Mrs. Burrell and her husband co-founded the Fernside Center for Grieving Children after the death of their son, David, in 1982. He was a graduate student at the University of Cincinnati when he was hit and killed by a car while riding his bicycle home. Three years later, Mrs. Burrell viewed an ABC News report by Peter Jennings about the Dougy Center in Portland, Ore., the nation’s first center for grieving children.

That news story and a subsequent trip to Oregon inspired her to start the nation’s second such program. With a $4,500 grant from the Junior League of Cincinnati, Fernside first opened at a Presbyterian church in the Hyde Park section of Cincinnati and initially served 16 children and 12 adults. Now, more than 800 children, teens and adults attend the program’s support groups every year.

The Burrells’ philosophy was rooted in self expression. Children were given license to draw pictures, act out feelings with puppets, dress up in costumes and put on plays, write stories and poems, talk to loved ones on play telephones, and laugh and cry. They were also encouraged to talk to each other about their feelings, their sadness, life, death and how to go on.

Born in Akron, Ohio, Mrs.

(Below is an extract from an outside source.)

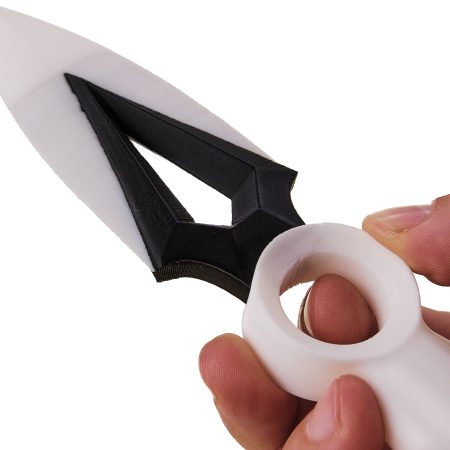 Jett Knife replica prop from Valorant by Blasters4Masters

Burrell learned to read notes from sheet music before she could read words in a book and was soon recognized as a piano prodigy. She studied music at Connecticut College for Women and graduated in 1950 with a bachelor of arts degree. Connecticut College awarded her the Sarah Nichols Cup for the greatest contribution to musical life on campus. From 1950 to 1953, she pursued graduate studies in musicology and composition at Columbia University and worked closely with Professor Paul Henry Lang.

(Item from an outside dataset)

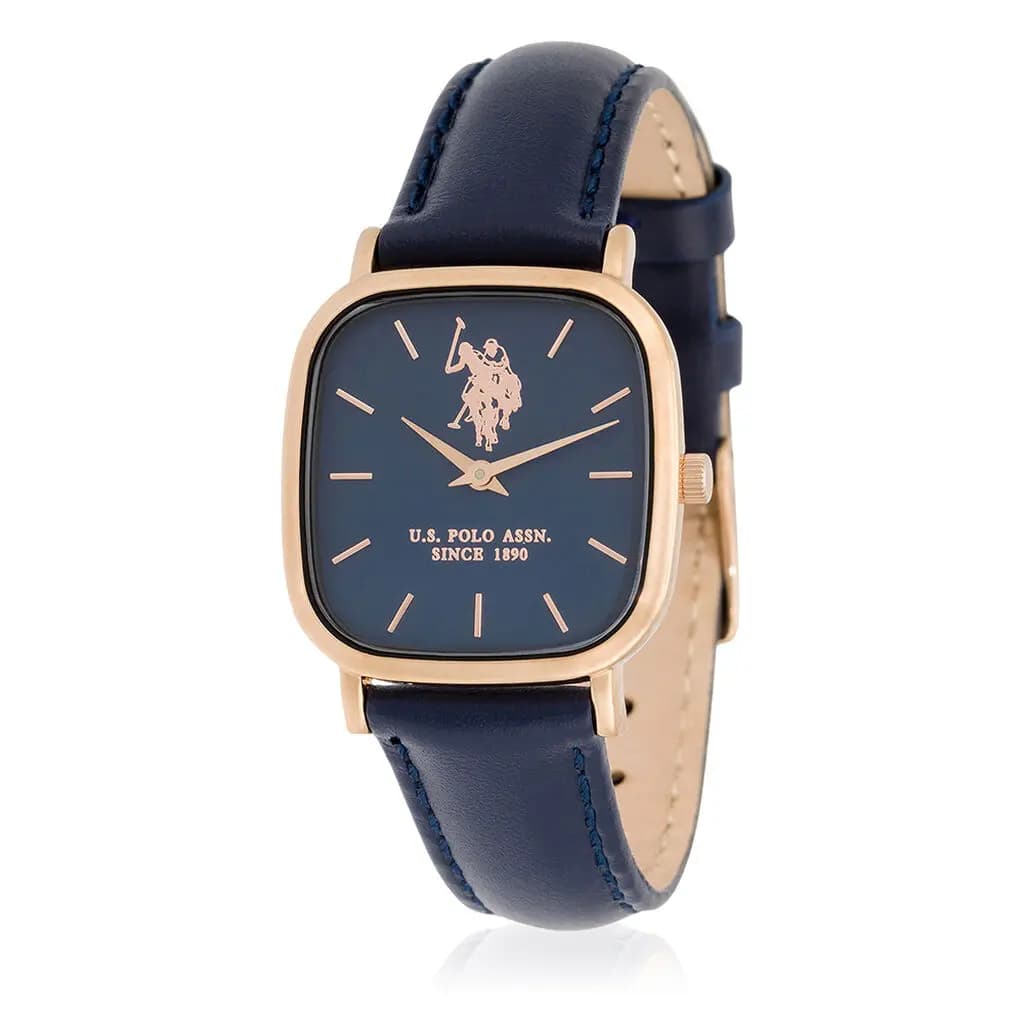 Montre U.s. Polo Assn. Bleu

But instead of finishing her master’s degree, she got married. While at a funeral in 1951 in Akron, Rachel met her future mother in law, who introduced her to Paul Burrell on the basis that he had also gone to Columbia. Normally very choosy about her dates, she couldn’t find any fault with him.

They were married in 1953 and remained so until his death in 2001. They moved to Cincinnati in 1962, when he became a professor of French literature at the University of Cincinnati. In addition to raising four children, Mrs. Burrell volunteered at the Eastern Avenue Community Center and served as a den mother for the Boy Scouts and as a PTA vice president at Kilgour School. She loved to attend performances of the Cincinnati Symphony Orchestra, and she was an avid traveler with a deep fondness for cathedrals, capitol buildings in any state, the beaches and dunes around Northport, Mich. and the sights and company of good friends in Barcelona, Spain. She was also renowned in small but very satisfied circles for her culinary skills: lasagna, chili and chocolate chip cookies. An avid storyteller, she had a gift for good timing and easy laughter.

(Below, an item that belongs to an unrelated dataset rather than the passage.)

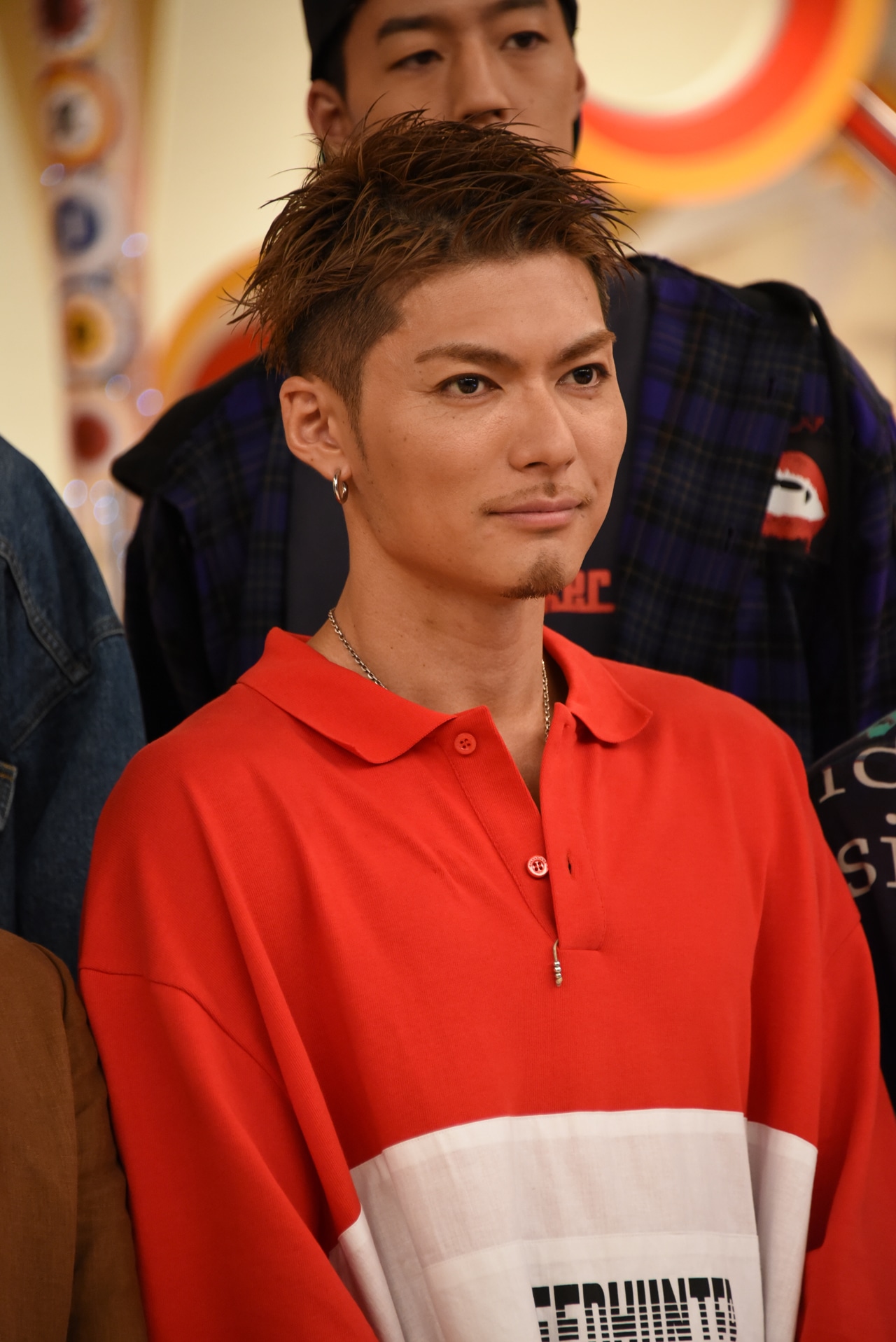 EXILE SHOKICHI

Survivors include Ann Burrell and Peter Burrell, both of Cincinnati, Christopher Burrell of East Boston, and grandsons Harvey Burrell of Concord and Vineyard Haven and Pip and Bjorn Burrell of Cincinnati.

A mass of Christian burial was held at St. Mary Church in Hyde Park. Contributions in her memory may be made to Fernside Center for Grieving Children, Box 633597, Cincinnati, Ohio, 45236-3597.